A seawater desalination plant constructed following the Australian drought in the mid 2000s has drawn renewed sharp Green party criticism as it emerged recently that it was costing taxpayers more than A$ 0.5 million (US$ 470,000) a day to lie idle.
The US$ 1.7 billion plant, in Kurnell, was turned off in mid-2012 as Sydney’s dams refilled once the rains returned.
Water levels have remained high ever since so the desalination plant has never been switched back on at a cost of some US$ 370 million in “service fees” to stay on standby.

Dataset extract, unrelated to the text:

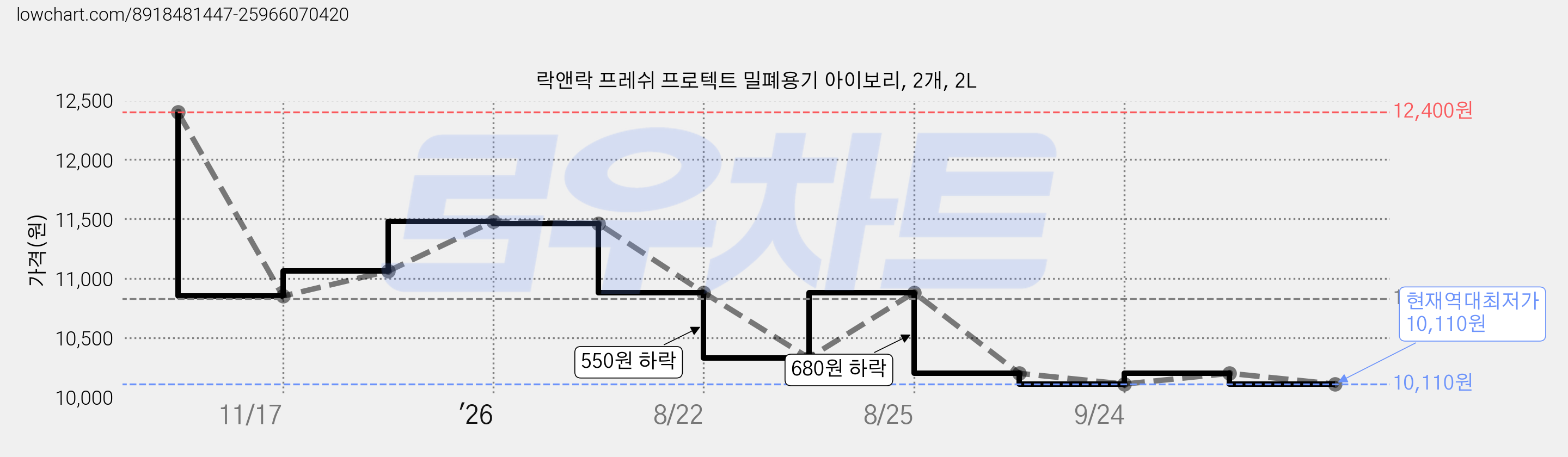 락앤락 프레쉬 프로텍트 밀폐용기 아이보리, 2개, 2L 가격 변동 차트, 현재가 10,110원, 역대최저가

The payments to the plant’s owners, a Canadian pension fund and an Australian fund management company, are set by the Independent Pricing and Regulatory Tribunal under a deal struck when the plant was privatized on a 50-year, US$ 2 billion lease in 2012.
New South Wales’ water minister, Kevin Humphries, said: “To switch it on would cost about another $50 million.”
Under current arrangements, the desalination plant would be turned back on again once Sydney’s dam levels drop to 70% Greens MP John Kaye has described the desalination plant as a “white elephant” and wants the threshold at which the plant is switched on again reduced to about 40 per cent. He warned that restoring the plant to operation with dams at 70% could fill them back up swiftly “Then if we have a reasonably sized deluge, all the water that we’ve paid for from the desal plant will spill over and be wasted.”
Humphries confirmed that reduction of the 70% threshold was under consideration. But D&WR understands that this will entail significant compensation for loss of income payable to the desalination plant’s owners. “These operating rules are being reviewed as part of an overhaul of the Metropolitan Water Plan, which will be complete in mid-2015,” Humphries said.